FAMS 270: National & Transnational Cinema—Post-War German Cinema
Film has a unique relationship to trauma, offering critical ways of perceiving, presenting, and giving testimony to painful and unacknowledged experiences. This course explores the histories of trauma and testimony in German cinema from post-war rubble films and New German Cinema to contemporary productions by Fatih Akin and Maren Ade. Through critical analysis, weekly screenings, and creative projects, we examine topics such as Holocaust representation, the Berlin Wall, gender discrimination, and the European migrant crisis. FAMS H & CCS HUM/GM1/GM2. Prerequisite FAMS 101 or permission. Dennis Johannssen MW 11:00-12:15 PM class, Media 2-248 N. 3rd St., & W 7:00-9:50 PM lab, Landis Cinema.
FAMS/PHIL 345: Philosophy of Film
This course is an examination of fundamental questions on the nature, interpretation, experience, and evaluation of film.

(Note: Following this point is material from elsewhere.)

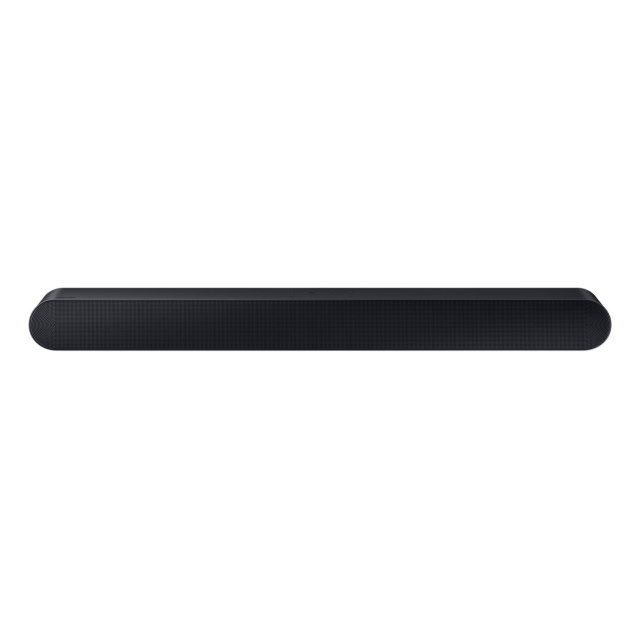 Samsung HW-S60D/XU 5.0ch All-in-One Wireless Soundbar - Black
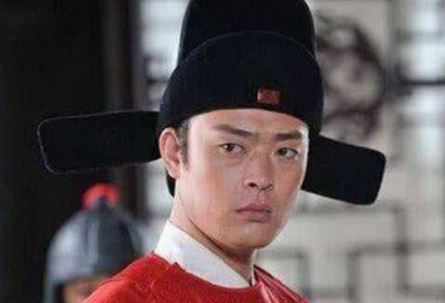 解缙身有经世之才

Special attention will be paid to film’s essential nature, and to how such nature affects how films engage the viewer, hence perhaps how they should be evaluated. Topics will include: the distinctive nature of the moving image compared to other forms of representation; cinema as an art form; film authorship; colorization; the nature of film horror; and the relationship between film and ethics. FAMS T & CCS HUM/ GM2/V/W. Alessandro Giovannelli – TR 1:15-2:30, Pardee 321
FAMS 362: American Cinema of the 1970s
Called a “Decade Under the Influence,” and the “Last Golden Era of American Film,” the 1970s were a wrenching cultural pivot point and an astonishingly rich extended moment in the history of American Cinema. From Vietnam to Watergate, from disco to gas lines to Americans held hostage, from women’s liberation to the beginnings of pay per view and video games, it was a decade of trauma and change. In Hollywood, the long-established order of the studio system collapsed, independent artists were suddenly tolerated and even enabled, and, by decade’s end, corporate-controlled franchises and blockbuster expectations had become the new normal. We will examine memorable American films from the late sixties through the late seventies, and the cultural contexts from which they emerged. Through regular readings, screenings, writings, and discussions, students will learn to treat films as complex texts and interpret cinema as a potent cultural force. FAMS H & CCS HUM/W. Prerequisite: FAMS 101. Andy Smith MW 1:15-4:00 PM, Landis Cinema
FAMS 420: Capstone
This required course for FAMS majors is a chance for students to synthesize their course of study into one major individual project. The capstone is a workshop-based experience where students design and complete either a critical or creative (or some combination of the two) media project that results in a public presentation of their most advanced work as FAMS majors. CCS W. Open to senior FAMS majors only. Nandini Sikand-Two sections offered: (section 1) M 1:10-4:00 PM & (section 2) W 1:10-4:00 PM, Media 2-248 N. 3rd St.